What ML will definitely provide are forecasts about your workforce that are significantly more accurate than anything a human can do. That in turn allows management to make better informed decisions and manage risks well ahead of time. And that might well improve employee retention.

Also, be careful not to set up unrealistic expectations for any proof-of-concept work: the power and value of ML grows over time as more data becomes available. You are not going to get earth-shattering results in a one-month proof of concept.

Blocker 3: Picking the right data-science projects 

You can’t become a data-driven business unless the analytics and data science you’re developing are adopted by the workforce and used in their daily processes. And they’ll only be adopted if they address a problem and are actionable.

The key word here is actionable. The business must be able to do something with the results of the project. For instance, there’s no point presenting predictions about which employees or types of employee are at risk of leaving if managers can’t then do anything with the results, because possible interventions like a pay rise or a promotion are not open to them.  

One problem we see often is that data scientists, excited by the potential of an ML project, work on it for six months, and present it to the business, which has no use for the results. Or the project looks scary or detrimental to the wellbeing of the workforce. For example, a lot of performance-monitoring projects struggle to shake the image of ‘Big Brother’. 

Ask yourself: How can I collaborate to build something that’s actionable?

Engage users in HR right from the start. Gather insight from HR employees about where there are challenges or bottlenecks that ML could help with. By collaborating early you can understand what the business needs and how best to get the result. 

Aim for use cases that are positive, that people can really champion. Asking employees to get behind a scheme that monitors which of them are performing poorly won’t get as much traction as something that actually helps everyone do their job (like a digital assistant). You want to optimise the business rather than monitor the business. 

Once you’ve got buy-in from management and users, what are the other potential blockers? 

Blocker 4: Data quality and maturity 

If you want to start getting valuable insights, you need good data quality. If there’s been an acquisition or merger, then there’s likely to be duplication and incomplete records, as well as legacy data systems that don’t easily talk to each other. 

There’s also the matter of historical data sets. If you’re looking to analyse trends over time, you need several years’ worth of data. It seems obvious, but you can’t get a trend over 10 years unless you have complete data going back 10 years. 

Ask yourself: How can we change the way we work to create high-quality data?

There’s no magic wand for this. Improving data quality often needs an investment in the source HR systems. That of course brings its own benefits – making routine reporting much easier and less time-consuming, for example. 

But there’s no path to data-driven decision making that doesn’t start by climbing the hill of getting the data coherent and robust. Once that is done, the benefits can be concrete and huge – a tiny reduction in employee churn at a big company can save tens of millions each year.  
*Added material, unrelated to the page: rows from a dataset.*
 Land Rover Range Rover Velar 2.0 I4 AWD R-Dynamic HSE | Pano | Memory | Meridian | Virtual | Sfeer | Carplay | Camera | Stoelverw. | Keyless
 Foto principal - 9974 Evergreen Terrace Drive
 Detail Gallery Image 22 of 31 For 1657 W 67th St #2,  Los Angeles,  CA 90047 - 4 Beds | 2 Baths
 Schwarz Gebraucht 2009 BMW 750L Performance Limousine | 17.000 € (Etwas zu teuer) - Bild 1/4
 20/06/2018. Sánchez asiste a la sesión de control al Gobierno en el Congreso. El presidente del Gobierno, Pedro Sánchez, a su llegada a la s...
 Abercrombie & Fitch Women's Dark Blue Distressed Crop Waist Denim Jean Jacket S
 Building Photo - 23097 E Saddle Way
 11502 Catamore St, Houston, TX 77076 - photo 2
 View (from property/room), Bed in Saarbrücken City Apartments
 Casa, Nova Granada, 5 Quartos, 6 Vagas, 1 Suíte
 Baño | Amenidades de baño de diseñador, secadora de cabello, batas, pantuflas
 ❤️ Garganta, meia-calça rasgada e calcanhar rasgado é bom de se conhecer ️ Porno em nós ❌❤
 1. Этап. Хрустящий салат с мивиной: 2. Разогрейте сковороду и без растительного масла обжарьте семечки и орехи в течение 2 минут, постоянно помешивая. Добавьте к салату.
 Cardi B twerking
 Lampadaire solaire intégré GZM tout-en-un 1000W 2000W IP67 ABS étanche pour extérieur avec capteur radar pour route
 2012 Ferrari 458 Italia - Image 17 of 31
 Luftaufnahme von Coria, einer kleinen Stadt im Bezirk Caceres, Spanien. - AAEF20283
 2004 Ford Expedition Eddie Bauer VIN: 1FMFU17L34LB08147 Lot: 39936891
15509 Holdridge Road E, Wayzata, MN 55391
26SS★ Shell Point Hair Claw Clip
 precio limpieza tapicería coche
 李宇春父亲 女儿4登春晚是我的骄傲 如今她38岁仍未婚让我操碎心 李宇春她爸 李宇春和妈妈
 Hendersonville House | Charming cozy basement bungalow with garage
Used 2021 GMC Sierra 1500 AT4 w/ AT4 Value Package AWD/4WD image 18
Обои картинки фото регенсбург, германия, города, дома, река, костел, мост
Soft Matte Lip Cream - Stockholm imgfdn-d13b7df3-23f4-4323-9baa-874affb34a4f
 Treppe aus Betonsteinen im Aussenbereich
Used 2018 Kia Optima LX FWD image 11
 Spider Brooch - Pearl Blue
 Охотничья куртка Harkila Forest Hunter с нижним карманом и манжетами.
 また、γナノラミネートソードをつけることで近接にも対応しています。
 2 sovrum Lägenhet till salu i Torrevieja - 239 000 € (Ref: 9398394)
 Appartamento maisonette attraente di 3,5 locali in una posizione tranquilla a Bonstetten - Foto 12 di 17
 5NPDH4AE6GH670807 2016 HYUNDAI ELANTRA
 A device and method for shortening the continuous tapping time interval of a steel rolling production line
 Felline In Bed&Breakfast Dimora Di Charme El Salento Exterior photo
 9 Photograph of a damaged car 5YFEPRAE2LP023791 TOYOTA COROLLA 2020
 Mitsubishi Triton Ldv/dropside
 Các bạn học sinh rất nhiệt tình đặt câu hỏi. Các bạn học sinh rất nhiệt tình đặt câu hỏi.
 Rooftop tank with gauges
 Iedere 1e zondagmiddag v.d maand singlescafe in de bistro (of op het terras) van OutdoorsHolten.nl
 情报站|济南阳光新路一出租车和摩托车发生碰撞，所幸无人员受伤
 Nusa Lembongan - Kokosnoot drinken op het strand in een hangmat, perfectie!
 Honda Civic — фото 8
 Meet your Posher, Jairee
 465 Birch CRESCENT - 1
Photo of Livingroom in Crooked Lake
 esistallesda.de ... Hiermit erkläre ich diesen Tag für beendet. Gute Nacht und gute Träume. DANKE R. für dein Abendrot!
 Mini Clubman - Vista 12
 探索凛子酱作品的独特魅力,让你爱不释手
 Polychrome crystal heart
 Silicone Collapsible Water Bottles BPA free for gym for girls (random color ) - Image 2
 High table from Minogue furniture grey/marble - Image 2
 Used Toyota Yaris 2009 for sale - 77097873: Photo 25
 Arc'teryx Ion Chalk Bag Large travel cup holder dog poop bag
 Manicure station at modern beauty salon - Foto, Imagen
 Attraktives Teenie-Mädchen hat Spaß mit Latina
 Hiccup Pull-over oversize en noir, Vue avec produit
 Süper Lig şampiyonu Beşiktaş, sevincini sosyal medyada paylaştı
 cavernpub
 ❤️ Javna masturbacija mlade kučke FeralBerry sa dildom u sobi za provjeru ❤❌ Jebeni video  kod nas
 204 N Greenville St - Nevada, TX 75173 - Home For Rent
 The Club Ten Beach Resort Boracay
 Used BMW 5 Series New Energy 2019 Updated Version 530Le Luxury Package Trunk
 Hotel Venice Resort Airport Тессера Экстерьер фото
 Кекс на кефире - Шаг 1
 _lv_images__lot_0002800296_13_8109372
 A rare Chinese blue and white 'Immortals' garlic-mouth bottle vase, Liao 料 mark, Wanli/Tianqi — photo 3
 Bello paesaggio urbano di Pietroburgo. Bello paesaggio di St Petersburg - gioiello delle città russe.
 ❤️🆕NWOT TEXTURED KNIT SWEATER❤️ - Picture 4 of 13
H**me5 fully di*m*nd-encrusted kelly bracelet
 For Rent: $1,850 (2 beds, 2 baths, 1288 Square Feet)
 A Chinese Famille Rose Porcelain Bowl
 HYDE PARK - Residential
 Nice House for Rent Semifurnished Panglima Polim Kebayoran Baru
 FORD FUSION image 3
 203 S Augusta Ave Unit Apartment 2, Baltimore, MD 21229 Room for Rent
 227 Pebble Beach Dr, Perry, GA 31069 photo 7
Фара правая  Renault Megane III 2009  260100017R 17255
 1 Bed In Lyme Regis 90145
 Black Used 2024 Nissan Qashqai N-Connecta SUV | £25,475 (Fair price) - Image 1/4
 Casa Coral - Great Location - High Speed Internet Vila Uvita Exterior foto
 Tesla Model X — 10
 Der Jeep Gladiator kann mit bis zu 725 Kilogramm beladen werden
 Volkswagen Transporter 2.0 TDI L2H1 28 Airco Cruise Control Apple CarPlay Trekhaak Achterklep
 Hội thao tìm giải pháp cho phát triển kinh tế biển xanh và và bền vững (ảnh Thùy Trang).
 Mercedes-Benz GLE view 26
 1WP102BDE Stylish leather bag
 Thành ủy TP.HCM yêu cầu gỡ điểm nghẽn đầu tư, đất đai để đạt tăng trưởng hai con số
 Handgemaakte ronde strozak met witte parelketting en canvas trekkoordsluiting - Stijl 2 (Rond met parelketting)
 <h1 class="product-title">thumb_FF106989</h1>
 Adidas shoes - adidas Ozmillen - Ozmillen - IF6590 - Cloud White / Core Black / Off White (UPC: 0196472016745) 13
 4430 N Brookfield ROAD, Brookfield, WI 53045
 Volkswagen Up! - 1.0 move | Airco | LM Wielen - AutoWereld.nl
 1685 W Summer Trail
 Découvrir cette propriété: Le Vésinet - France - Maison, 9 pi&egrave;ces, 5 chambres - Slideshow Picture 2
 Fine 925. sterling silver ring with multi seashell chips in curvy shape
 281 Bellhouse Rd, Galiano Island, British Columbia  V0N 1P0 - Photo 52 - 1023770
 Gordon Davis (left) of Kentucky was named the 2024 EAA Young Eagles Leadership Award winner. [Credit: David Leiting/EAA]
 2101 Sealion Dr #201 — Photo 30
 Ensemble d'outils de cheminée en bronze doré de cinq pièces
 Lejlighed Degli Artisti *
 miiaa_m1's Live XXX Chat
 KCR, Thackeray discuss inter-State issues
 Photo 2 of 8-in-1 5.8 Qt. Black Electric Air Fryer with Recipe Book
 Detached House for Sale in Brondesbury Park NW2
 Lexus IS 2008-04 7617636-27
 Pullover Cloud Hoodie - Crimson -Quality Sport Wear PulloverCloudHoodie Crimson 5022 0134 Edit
Blocker 5: GDPR and compliance 

The GDPR has been on everyone’s mind since it was introduced in 2018. The rule is that you can’t make an automated decision without the consent of those affected by it. But you can still use machine learning to make a prediction which helps a manager make a better decision. 

Still, snags remain. How do you prove the manager wasn’t unduly influenced? That the model was transparent and didn’t suffer from bias? There are ethical and accountability considerations that may put people off.

Ask Yourself: How do we produce ethically sound data-science models? 

The answer lies in a formal review process before algorithms are made live. Build a diverse ethics committee which signs off AI or ML models. That means the data scientists have to explain how the models work, and managers will have to explain how they are using the insights. This is not just tick-box compliance: these steps are vital to building trust and getting full buy-in.